Amidst the routine matters that come before the Hoboken municipal court, a constitutionality question is brewing over whether a local man should be punished criminally for refusing to provide a Port Authority police officer with his country of origin.
Vesselin Dittrich, 64, of Hoboken, said he was involved in a conversation in the PATH station in August 2010 with a woman who yelled at him for supposedly looking at her tattoos. The woman summoned a police officer, who told the two to disperse. Dittrich says that the officer said there would be no charges, but asked to take down Dittrich’s information anyway.
Dittrich said he provided information from his driver’s license, but when the officer asked what country he was from, he declined to answer, believing it to be irrelevant and unconstitutional. He says the officer issued him a disorderly conduct ticket for “refusing to provide pedigree information.”
The case is due back in municipal court on Dec. 13.
Most people who receive a ticket in Hoboken simply either mail in their fine or appear in front of the municipal court judge and are finished within a month. But Dittrich, a Bulgarian native and American citizen, is still fighting his case, which is set to go to trial in December.
Dittrich is representing himself.
Problems in court
This past Tuesday morning in Hoboken court, after a series of defendants in other cases pleaded guilty for charges such as drinking in public or talking on a cell phone while driving, Dittrich was called to the stand for his trial.
The stack of paperwork in front of the judge was much higher than any other case in court that day. Over a year of Dittrich fighting in the local legal system was about to come to an end.
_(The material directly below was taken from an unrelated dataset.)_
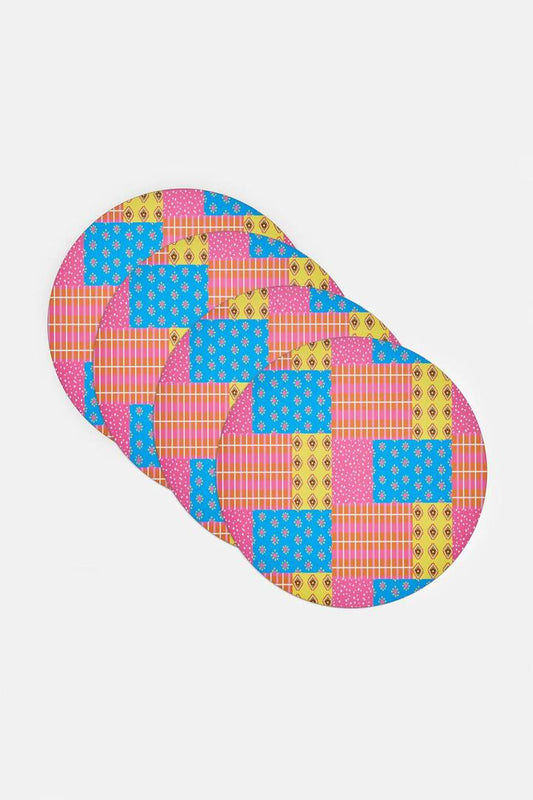 Image of Kitchen & Dining. Productname: Chic Retreat Placemat Set 4 in Print colour by brand - Gorman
However, since Dittrich had filed a pre-trial appeal, the judge adjourned the trial until December to give all the parties time to prepare. The pre-trial appeal was merely a protest of the way the case was being handled and was not meant to delay the case any longer. However, the judge hadn’t had time to read the appeal.
In the past, Dittrich faced choices that were unacceptable to him. According to court transcripts from Oct. 13, 2010, the municipal prosecutor offered to downgrade the charge to a municipal ordinance violation if Dittrich pleaded guilty, but the defendant declined, believing the charges should be dismissed.
After Dittrich failed to accept a fine and guilty plea on that date, Hoboken Municipal Prosecutor Ron Venturi told the judge that “if [the court] goes forward and [Dittrich] is convicted I will be requesting of the court that he be incarcerated for a short period of time,” according to court transcripts.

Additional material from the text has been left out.